Documentation and non-intensive tasks mostly (watching movies e.t.c) . No gaming.

*6) Will you be taking the notebook with you to different places, leaving it on your desk or both?*

Taking it to different places

*7) Will you be playing games on your notebook? If so, please state which games or types of games?*

No

*8) How many hours of battery life do you need?*

Atleast 8 hours

*9) Would you prefer to see the notebooks you're considering before purchasing it or buying a notebook on-line without seeing it is OK?*

Would like to see the laptop online first

*10) What OS do you prefer? Windows (XP or Vista or Windows 7), Mac OS, Linux, etc.*

Windows 7

*Screen Specifics*

11) What screen resolution(s) would you prefer?

Not exactly sure what the resolution of a 14 inch screen is.


_Please provide your suggestions guys. The key facts are portability and battery life without compromising too much on performance._


----------



## Ishu Gupta (Aug 30, 2011)

Flipkart.com: Asus K Series K53SC-SX054D: Computer

Flipkart.com: HP Pavilion DV6 Series Dv4 - 3016tx: Computer


----------



## smartyrohan12 (Aug 30, 2011)

acer aspire timelinex
AS5830T-2312G50Mnbb | Product Model

acer travelmate..
TM8473T | Product Model

sorry donno abt prices 
call the toll free number 1-800-11-6677
and get the prices ..or maybe the other members can help...


----------



## game-freak (Aug 30, 2011)

hp dv4-3016tx seems 2 b a better choice at OP's budget


----------



## Ishu Gupta (Aug 30, 2011)

Tachyon1986 said:


> *8) How many hours of battery life do you need?*
> 
> Atleast 8 hours



Just seen this. 8hrs isn't possible at all. Most 14" laptops would give you a battery life of 4hrs. 

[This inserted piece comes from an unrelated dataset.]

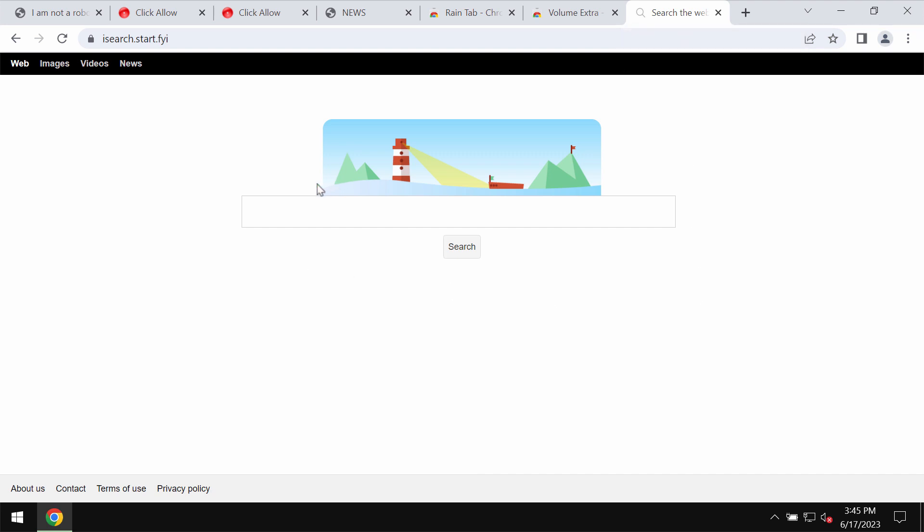This hijacker is spread through integration with many free applications. So in most cases users download and install it absolutely unintentionally. If it somehow becomes a part of your browser you need to get rid of it.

Even most netbooks will fail to reach 8hrs.

You can check out HP dm1-3014au @ 22k if you really want that much battery life.


----------



## smartyrohan12 (Aug 30, 2011)

Ishu Gupta said:


> Just seen this. 8hrs isn't possible at all. Most 14" laptops would give you a battery life of 4hrs.
> 
> Even most netbooks will fail to reach 8hrs.
> 
> You can check out HP dm1-3014au @ 22k if you really want that much battery life.



i agree with Ishu ...8 hour is too much the most i hav seen is the acer timeline and travelmate which i hav read in many reviews lasts 6-.6.5hrs and 7 on a site..try searching about this ...


----------



## Guruprasad.k.n (Oct 20, 2013)

hello everyone ... I'm planning to purchase HP G6 2301AX model laptop...can you guys suggest me about that laptop...
In case it is not a good one..please guide me with another model...

Budget -  25k-35k
RAM     - 4GB
harddisk- 500GB
screen -14" or 15"
processor - intel (i3/i5) or AMD(A6/A8)


----------



## kkn13 (Nov 14, 2013)

its a good one i have one as well with the A8 cpu no overheating at all , fan can get noisy sometimes


----------



## sandeepsingh (Nov 15, 2013)

well see if you can find SONY SVE14137CN anywhere locally .... 

For specs n look you can check here > SVE14137CN : E Series : VAIO™ Laptop & Computer : Sony India


----------



## sanny16 (Nov 18, 2013)

Check out TOshiba Satellite C850-X5212 laptop here.

This laptop is well within your budget. 

It has windows 7 home basic edition.

It has 15.6 inch led screen and upto 3 hrs battery life.

Its difficult to 8 hrs battery life with 6 lithium cell battery.

Now a days most of the laptop comes with 15.6 inch screen.


----------



## Gollum (Nov 18, 2013)

Getting pre installed win7 these days in new notebooks is quite difficult
I would suggest getting win8.1 pre installed.


----------